WORK TO BE COMPLETED –
The answer must consist solely of the lines from the line with "And then be" to the end of the data below, transcribed exactly and with no pictures.

** Opening EXCERPTED RECORDS block **

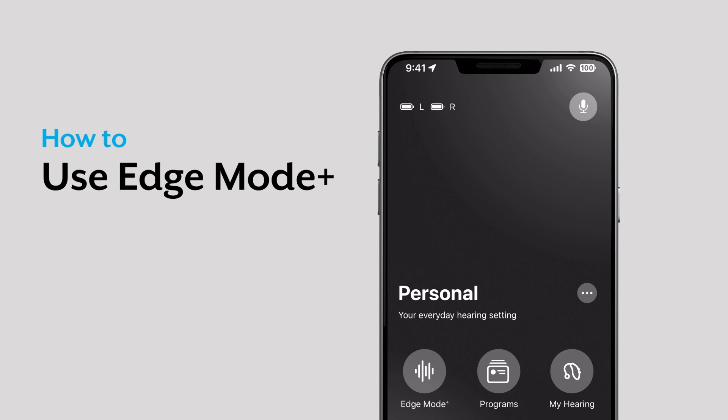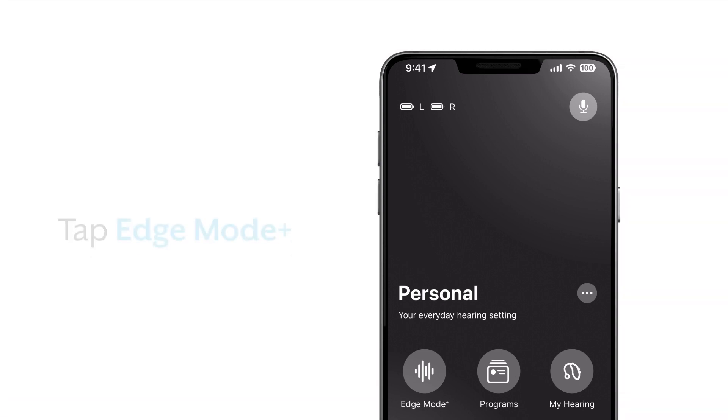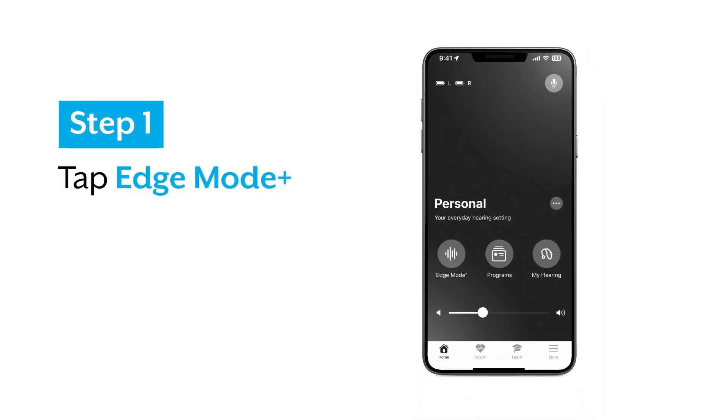The Edge Mode Plus feature on your hearing aid app can help instantly. Just tap the Edge Mode Plus icon on your home screen.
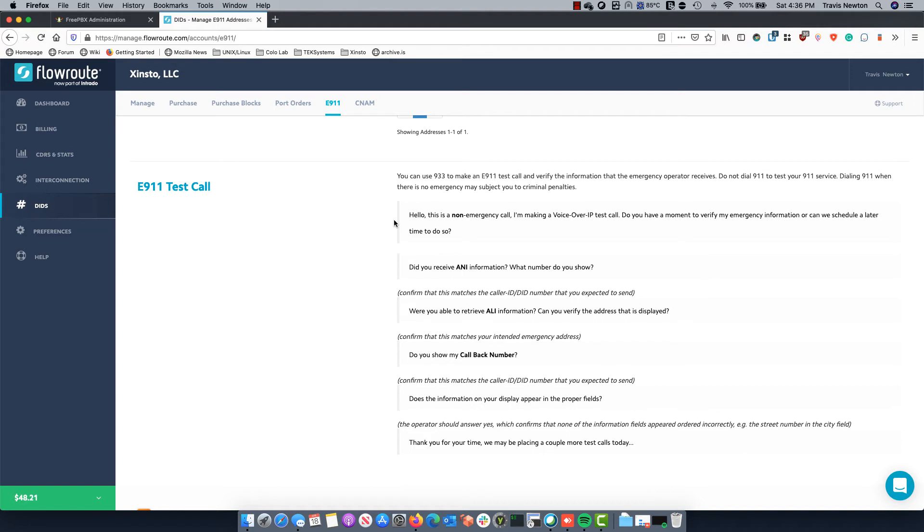And then be sure to thank them for their time and that you might be placing some more test calls today. Very simple and straightforward. So once you have all that set up it's time to make a test call.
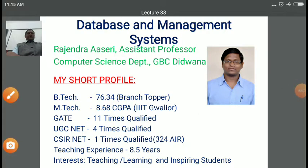Dear student, myself Rajinder Asiri, I am assistant professor in computer science department at government Bangad BG college, Tidwana.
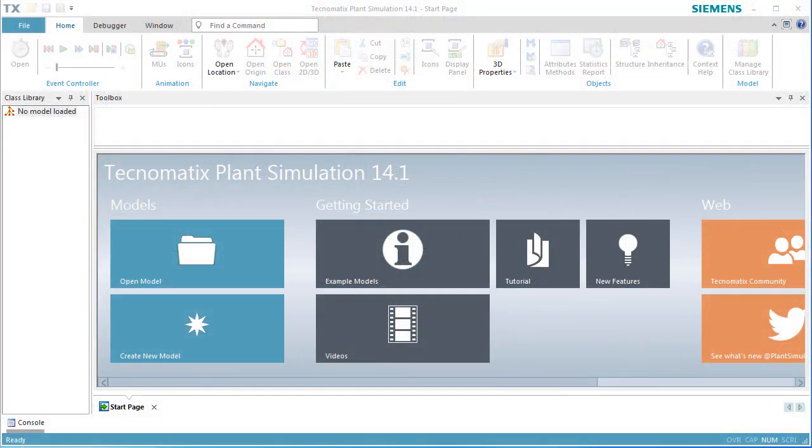This video demonstrates how to animate objects in Plant Simulation 3D. We will show you how you can animate a built-in Plant Simulation object. You can use the same techniques to animate your own objects.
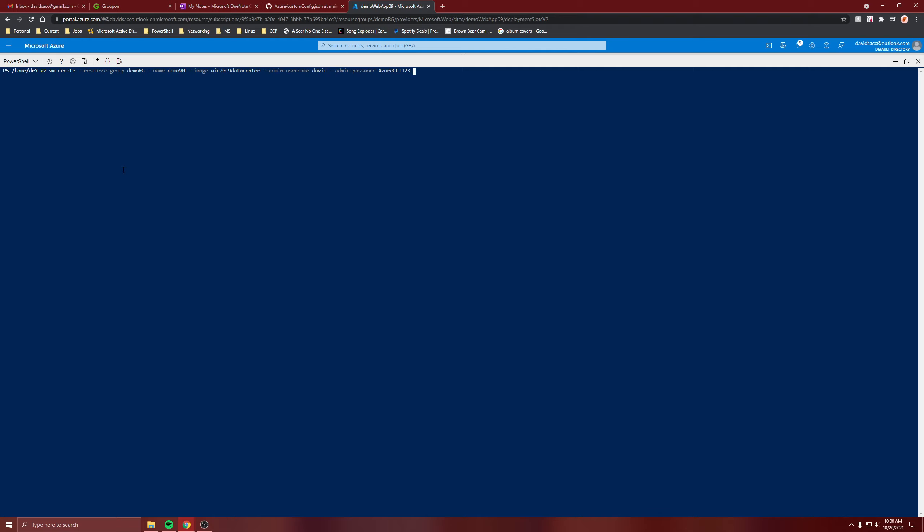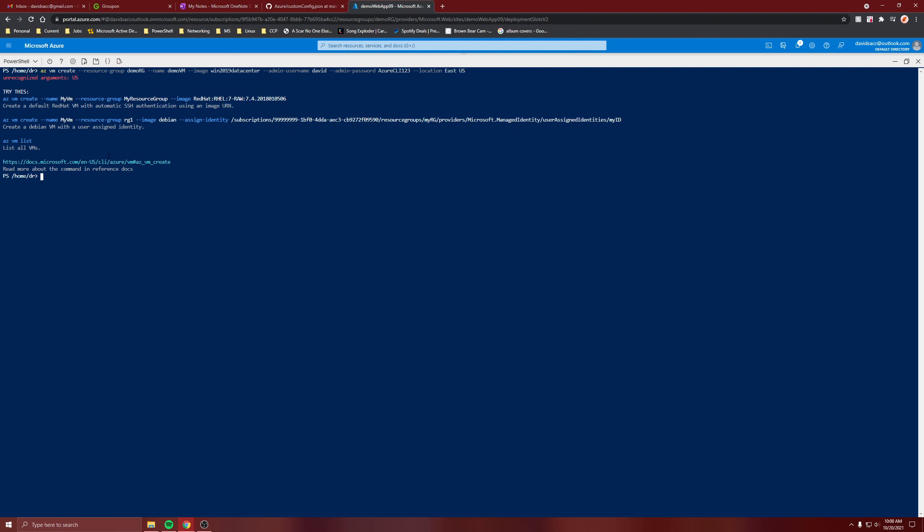For the location parameter, you can specify location and come back when it's created. Is it East US or US East? Let's put it in quotes. Maybe that'll fix it.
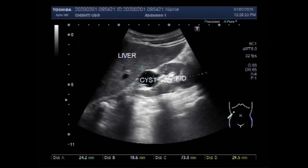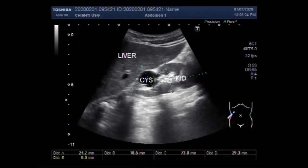The normal urinary bladder wall has a mean thickness of 2.76 mm when the bladder is almost empty, and 1.55 mm when it is distended.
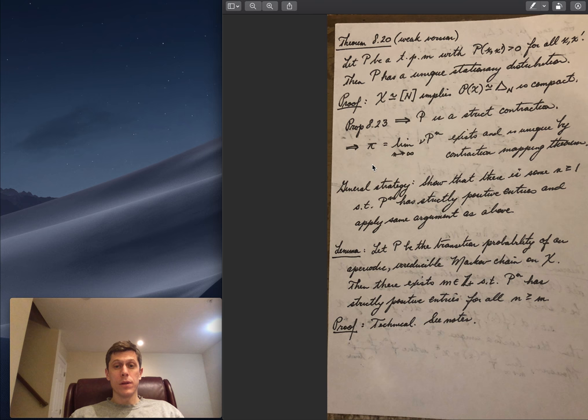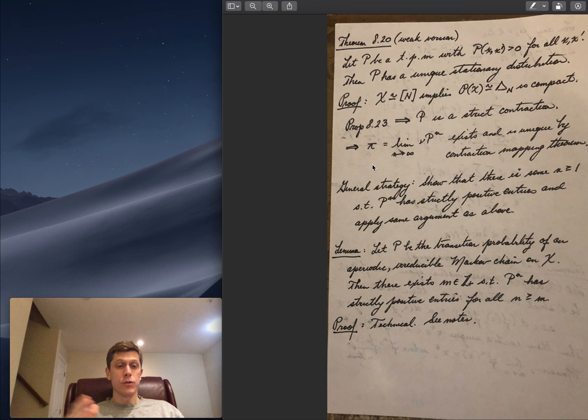Next time we will generalize this result, building off this theorem to prove the general case for irreducible aperiodic finite state chains — it just requires a little bit more work.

** Closing EXCERPTED RECORDS block **

RESULT –
And then be sure to thank them for their time and that you might be placing some more test calls today. Very simple and straightforward. So once you have all that set up it's time to make a test call.
Dear student, myself Rajinder Asiri, I am assistant professor in computer science department at government Bangad BG college, Tidwana.
This video demonstrates how to animate objects in Plant Simulation 3D. We will show you how you can animate a built-in Plant Simulation object. You can use the same techniques to animate your own objects.
For the location parameter, you can specify location and come back when it's created. Is it East US or US East? Let's put it in quotes. Maybe that'll fix it.
The normal urinary bladder wall has a mean thickness of 2.76 mm when the bladder is almost empty, and 1.55 mm when it is distended.
Next time we will generalize this result, building off this theorem to prove the general case for irreducible aperiodic finite state chains — it just requires a little bit more work.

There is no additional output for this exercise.